What do STEP members do and what is a TEP?

STEP members are specialists in inheritance and succession planning and draft Wills, Trusts, administer estates, act as Trustees and advise families on a range of private client services.

“TEP” stands for “Trust and Estate Practitioner” and is the designation given to full STEP members. In order to become a TEP, practitioners must have a combination of specialist qualifications and experience.

Why is STEP important?

Inheritance tax, succession planning and Trusts is a vast area of law.

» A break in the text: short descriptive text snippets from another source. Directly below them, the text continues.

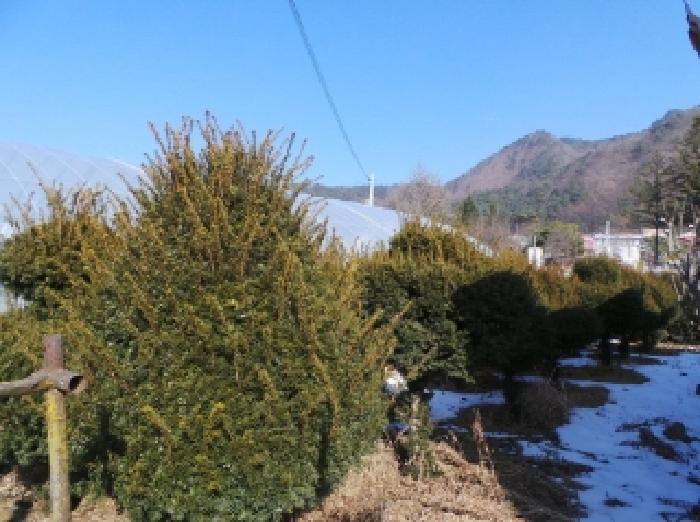 물건 사진 5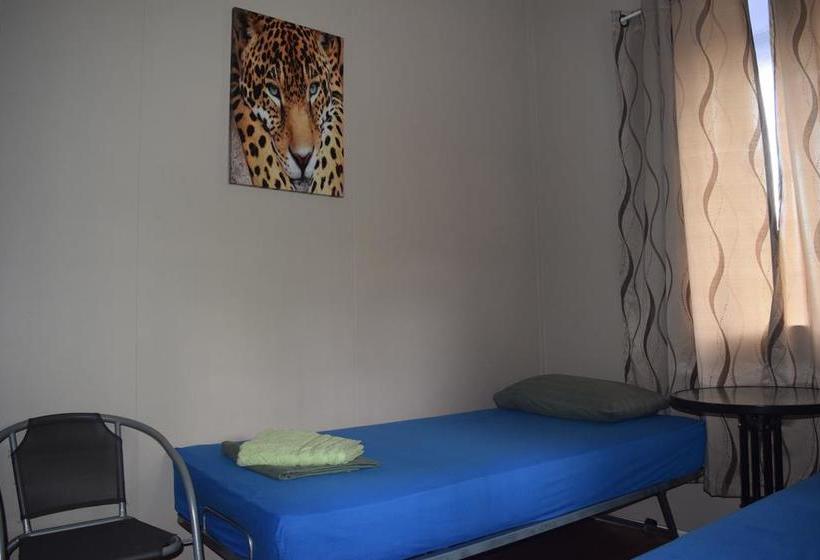 Hotel Gecko's Backpackers Cairns | Cairns | Queensland | Australia 18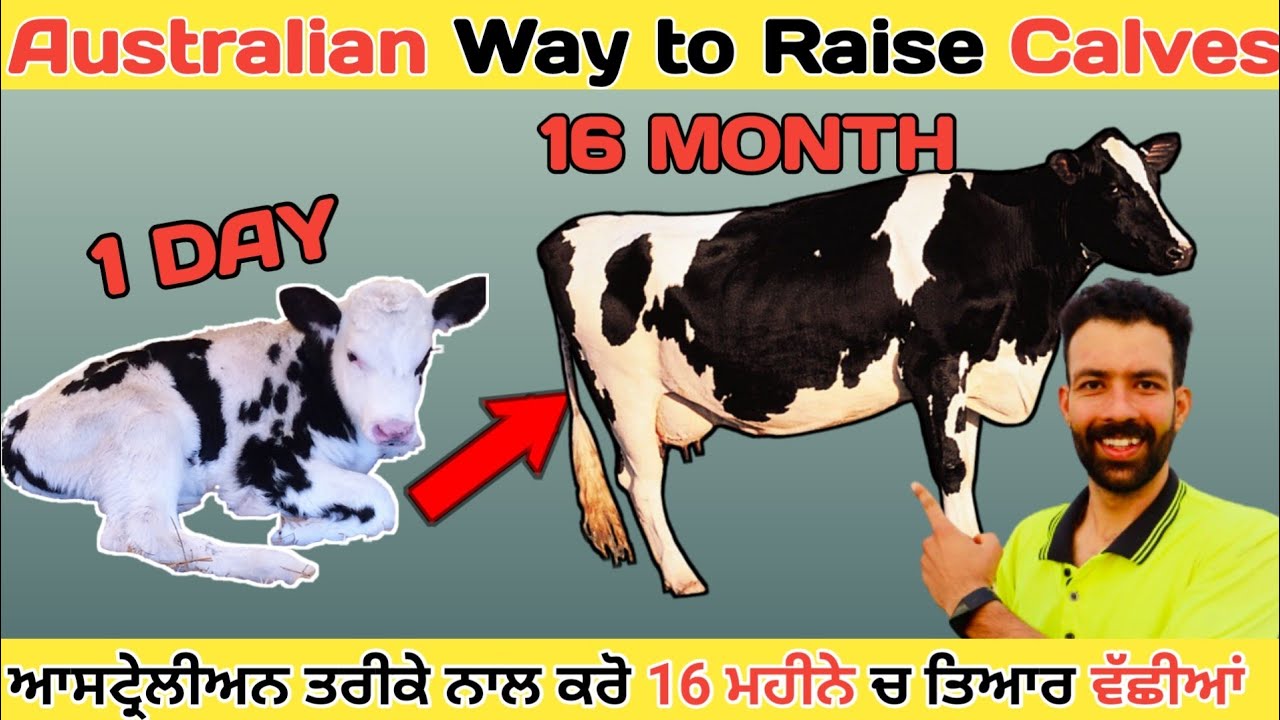 Australian way to raise calves | ਆਸਟ੍ਰੇਲੀਅਨ ਤਰੀਕੇ ਨਾਲ ਕਰੋ 16 ਮਹੀਨੇ ਚ ਤਿਆਰ ਵੱਛੀਆਂ | Dairy Farm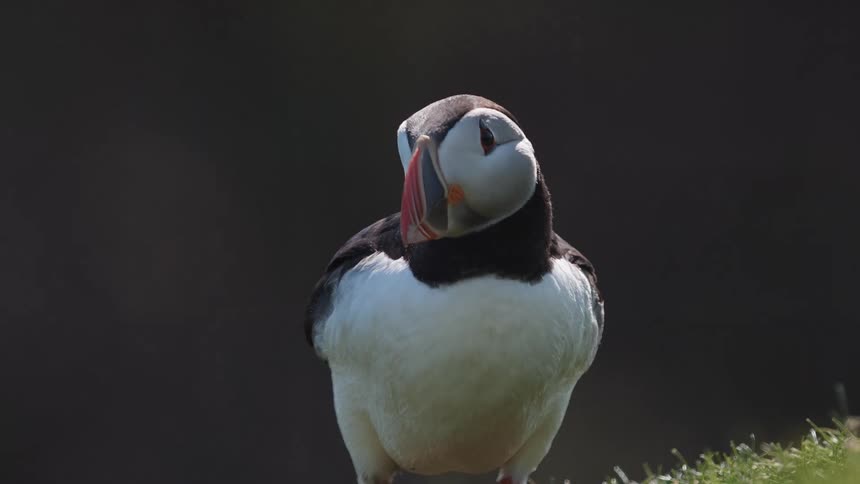 Puffin bird walking on grass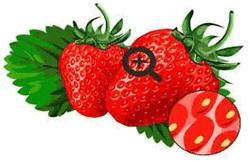 0501hq5i-d7b7-250x162.png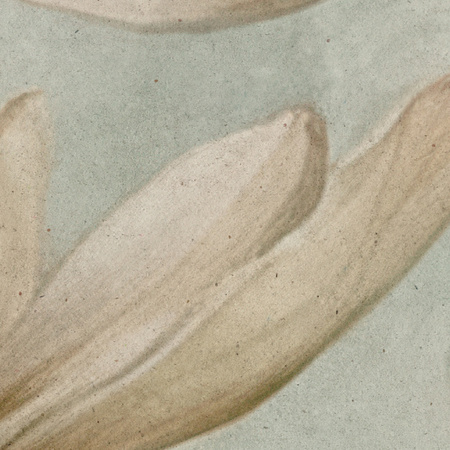 Tapeta winylowa struktura płótna kwiaty kolorowa dekoracyjna - SCARLETT simple (color)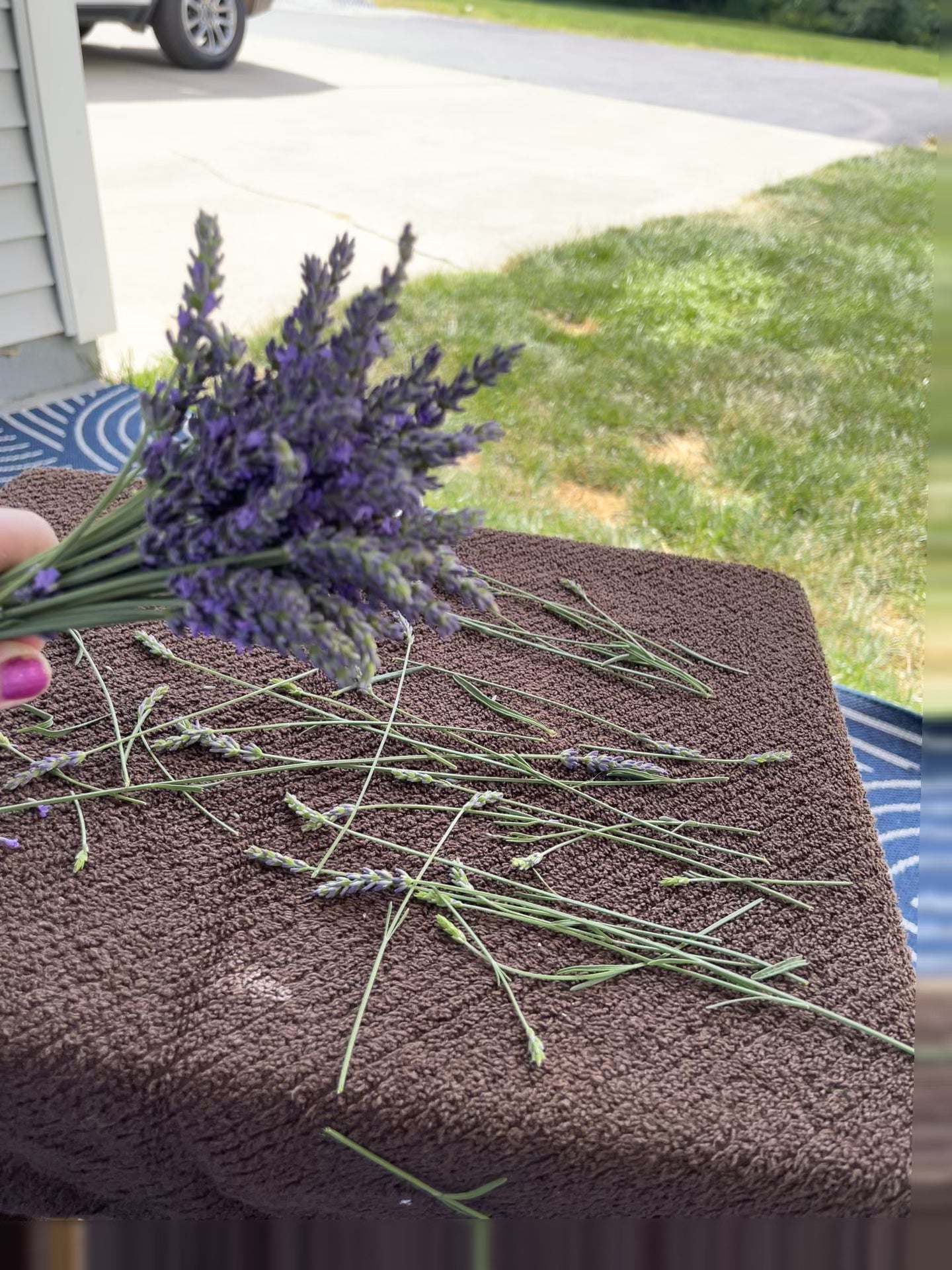 Lavender Wand Making Class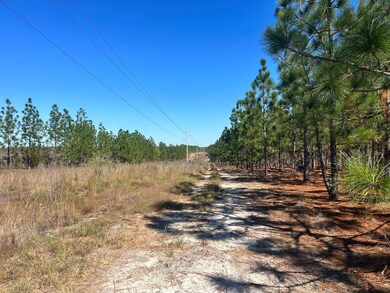 5710 Lake Robinson Rd, Hartsville, SC 29550 - photo 5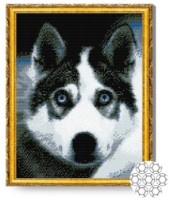 Алмазная картина по номерам Art Gallery Premium Взгляд хаски 40x50cm (GA81621)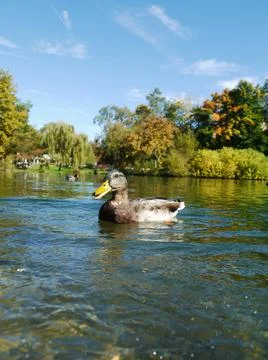 Duck Ducks Stock Photos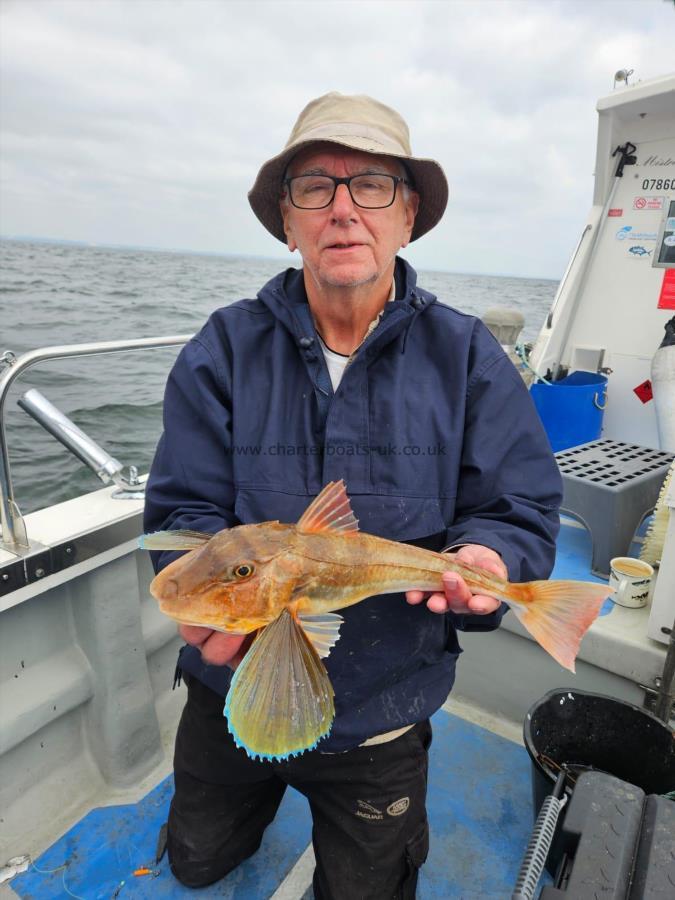 2 lb 7 oz Tub Gurnard by Steve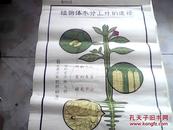 手绘挂图 ： 植物体水分上升的途径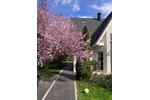 Einfamilienhaus Langelsheim - 4 Zimmer, 150 m&sup2;, 425.000&euro; | Angebot:27279664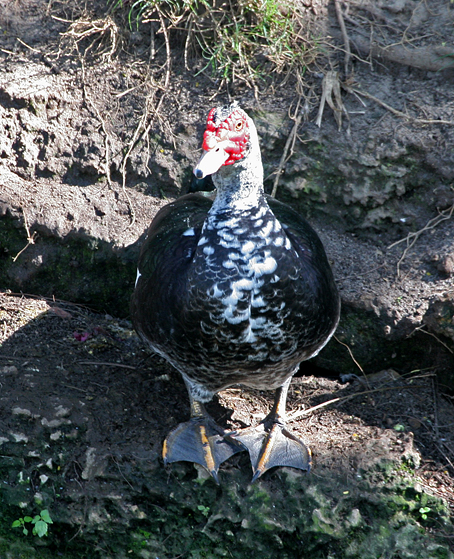 mucscovy-duck1.1.jpg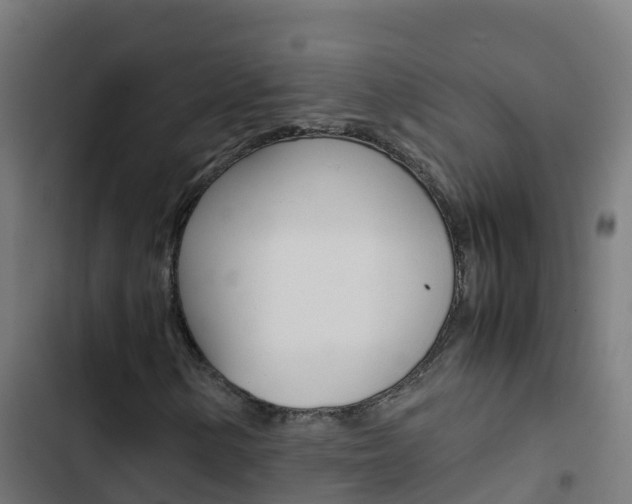 X0000103431154200809121030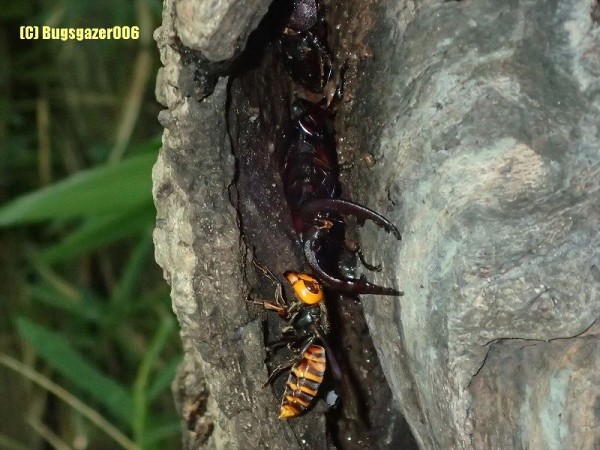 クワガタムシ類 虫をみるひと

In order to provide holistic advice, specialist knowledge is therefore required to understand how one action might impact on a client’s other circumstances.  Using a member of STEP ensures that the Solicitor will possess this knowledge.

We want to be able to give the best possible service to our clients and this is one of the main driving factors behind STEP. All STEP members are subject to an extensive Code of Professional Conduct  and STEP’s Will Code, requiring members at all times to act with integrity and in a manner that encourages the confidence, respect and Trust of clients and also the wider community.

STEP represents the most experienced and senior practitioners in the field of Trusts and estates. They are highly qualified individuals and are required to keep up to date with the latest legal, technical and regulatory developments, meaning that clients can be confident in the advice that they are given.

The organisation itself has professional standards which make clear that members must uphold the reputation of both STEP and the field of Trust and estate practice, again ensuring client confidence.

Franklins and STEP

At Franklins we understand the importance of STEP and are fortunate that all our Team are members or working towards membership of the highly prestigious STEP organisation. For more information on why to use a TEP, click here.

For more information on the preparation of Wills and Trusts, contact Helen Taylor, Partner & Head of Private Client and the Team on 01908 660966 / 01604 828282 or email PrivateClient@franklins-sols.co.uk.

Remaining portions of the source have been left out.